Most of my tomatoes for this year have been in the garden since April, and I have a few tricks for encouraging them to last. I also save space to plant cool-season tomatoes (yes, there really is such a thing) in August or early September.
Type Matters
Tomatoes—and beans and peas—come two ways: as bushes and as vines.
Bush, or determinate, types typically stand on their own. Their fruits ripen within a relatively short window and harvesting a wave all at once is useful for preserving or canning.
Vining, or indeterminate, tomatoes don’t produce as many fruit at a given time. But the vines continue to grow, flower and ripen fruit for months. Only eventually do they succumb to frost, rain, cold soil or exhaustion.

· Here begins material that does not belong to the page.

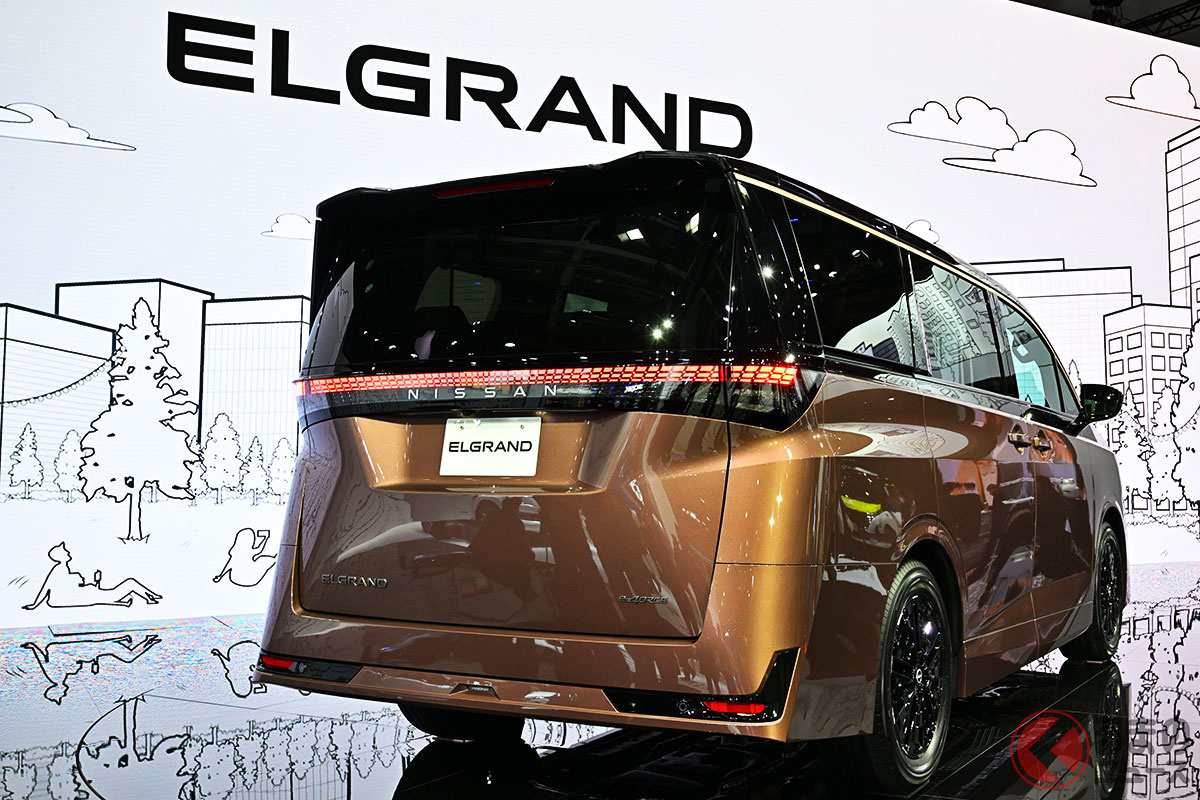 待望の新型「エルグランド」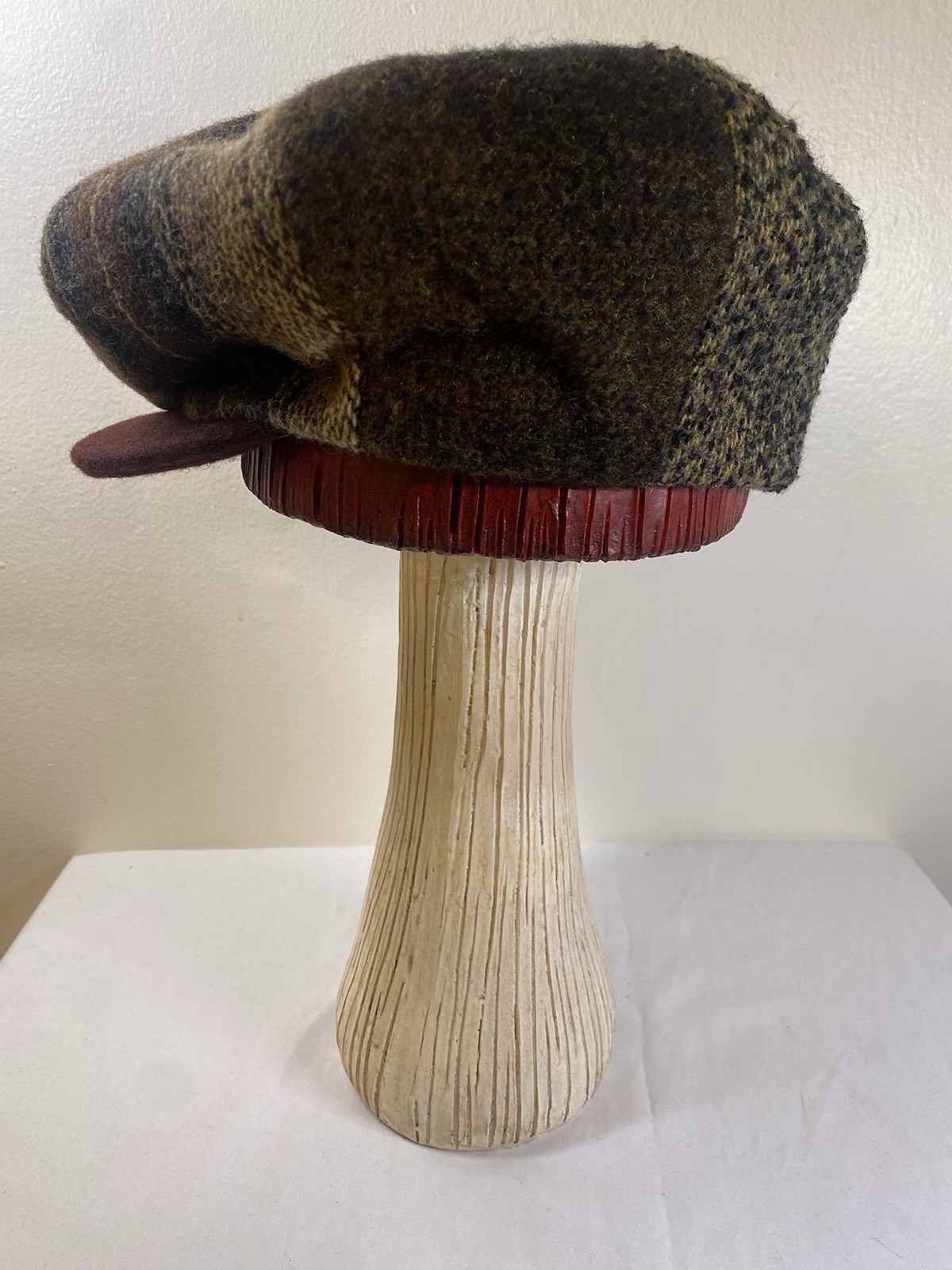 Giorgio Brutini Patchwork Wool Cap Medium Fleece … - image 4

I grow both types. For traditional springtime planting, I choose indeterminates that promise to produce all summer. For late summer and fall, I plant determinates because their time to develop is limited.
Cool-Season Varieties
It’s late for growing tomatoes from seed for an August planting, so look for transplants at local nurseries. I avoid plants already bearing fruit. They’re not likely to last beyond summer.
Instead, seek seedlings developed for cool, short growing seasons in Alaska, Czechoslovakia and Siberia. Their names often reveal their origins, such as Manitoba, Northern Delight, Oregon Spring, Scotia, Siberia, Stupice and Zaryanka Sunrise. I’ve had good luck with Bush Early Girl, too.
Location
All tomatoes, including cool-season varieties, insist on at least six to eight hours of direct sun daily. Depending on the arc of the sun in your garden, your summer and late-season tomatoes might go in different places.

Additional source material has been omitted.